Years ago, Mose Allison sang, half-joking and half-serious, about being the “white boy who stole the blues.”

Kevin Kinsella must know how the blues-jazz singer and pianist who many listeners mistook for being black felt. Kinsella is the white boy – a 27-year-old Boston native – who stole reggae.

“A lot of people can’t get over that hurdle, that we’re Americans playing rasta music,” said Kinsella, lead singer, rhythm guitarist and principle songwriter for the roots reggae band John Brown’s Body. The seven-piece band makes its Aspen debut tonight at the Howling Wolf.



Kinsella and his mates may not have been born into the reggae culture, but they have adopted it fully. The band’s major label debut, “Among Them,” on the Shanachie label, digs deep into the roots of reggae.

Rather than play the slicked-up style of pop-reggae that has become the biggest seller in Jamaica, John Brown’s Body follows the path of reggae’s earliest practitioners, singing the praises of Jah, music and tolerance. On “Among Them,” the band plays the celebratory “Thank You Oh Lord,” the upbeat “Music Is My Only Friend,” and the all-inclusive “Rainbow Chariot,” all in a manner that is more connected to the spiritual side of reggae – based on vocal beauty, group rhythm and devotional lyrics – than its showy, commercial side.
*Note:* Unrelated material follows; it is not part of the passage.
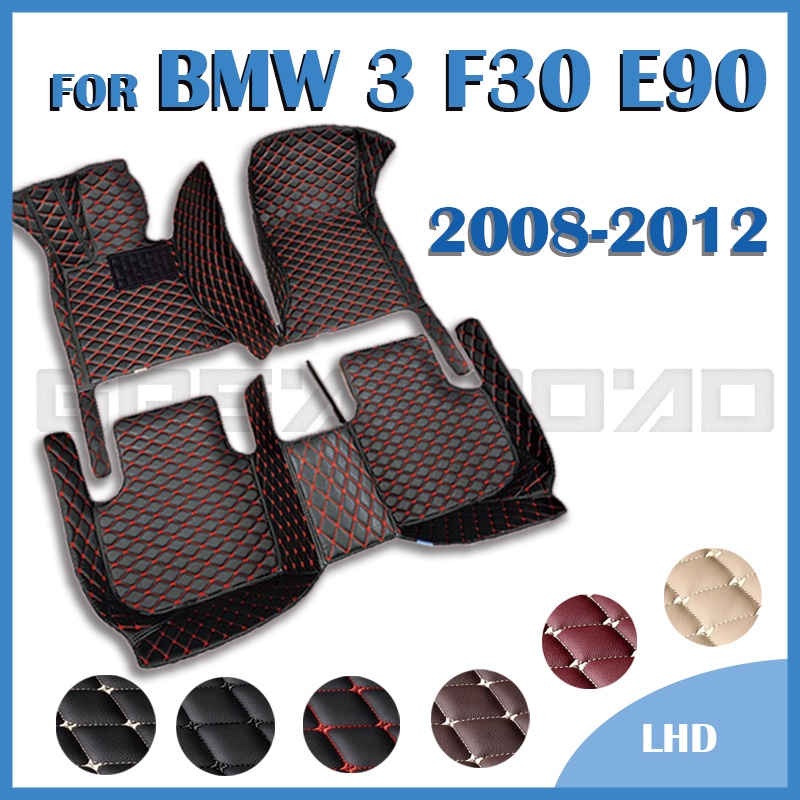 BMW 適用於寶馬 3 系 F30 E90 330i 335i 320i 318i(四門)2008 2009 2010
Almost as much as making music, Kinsella seems to have done some deep meditating on the spirit of reggae music. A reggae fanatic since his early teens, when he first heard the music of Bob Marley and the soundtrack to the film “The Harder They Come,” Kinsella has come to the conclusion that reggae is music not only from Jamaica, but from heaven as well.

“I think God was pleased with this humble music being made by this tiny nation,” said Kinsella, explaining reggae’s enormous popularity across the globe. “I think reggae is the poor people’s music, the poor people’s gift. How else could people like Bob Marley and Winston Rodney [better known as reggae singer Burning Spear], people from these poor farms, come to be heard around the world?

“That’s justice. When these people speak, people listen, around the world. Reggae is the poor people’s music, the sufferer’s music and justice.”

But reggae, according to Kinsella, has in large part lost its way in recent years. Many newer reggae bands have embraced a style which is more aggressive in sound and spirit, a form of pop rather than roots music. Kinsella has cringed as a number of respected reggae bands have moved toward the more commercial sound over time. And to Kinsella, it is no surprise that reggae has taken a step down in importance since its height during the ’70s.

“Reggae is not meant to be a commercial music, and when it got so popular, maybe God got displeased. Maybe this music is cursed,” said Kinsella, who began playing reggae in a high school band, Tribulations, that broke up over Kinsella’s determination to stick to the roots style. “Reggae music, to me, is sacred, because it’s calling out to God. All music should be sacred, but reggae, doubly so.”

Apart from the move toward a slicker, guitar-driven sound, Kinsella said that reggae has picked up a lot of baggage along the way. Listeners associate reggae with a variety of concerns – rastafarianism, marijuana, a return to Africa movement – that Kinsella thinks take away from the predominant purpose of reggae, to celebrate the holy spirit, no matter what it’s called.

“Sometimes, I think reggae has this stigma that comes with it,” said Kinsella. “It’s got a religion that it carries on its back; it’s become very nationalistic, a race music.

“Where blues didn’t pick that up. Blues is embraced by so many people. But somehow reggae isn’t allowed that. It’s become attached to this repatriation effort, going back to Africa. But when I first heard reggae, I heard the Bible being sung. It was striking a heartbeat that everyone can relate to.”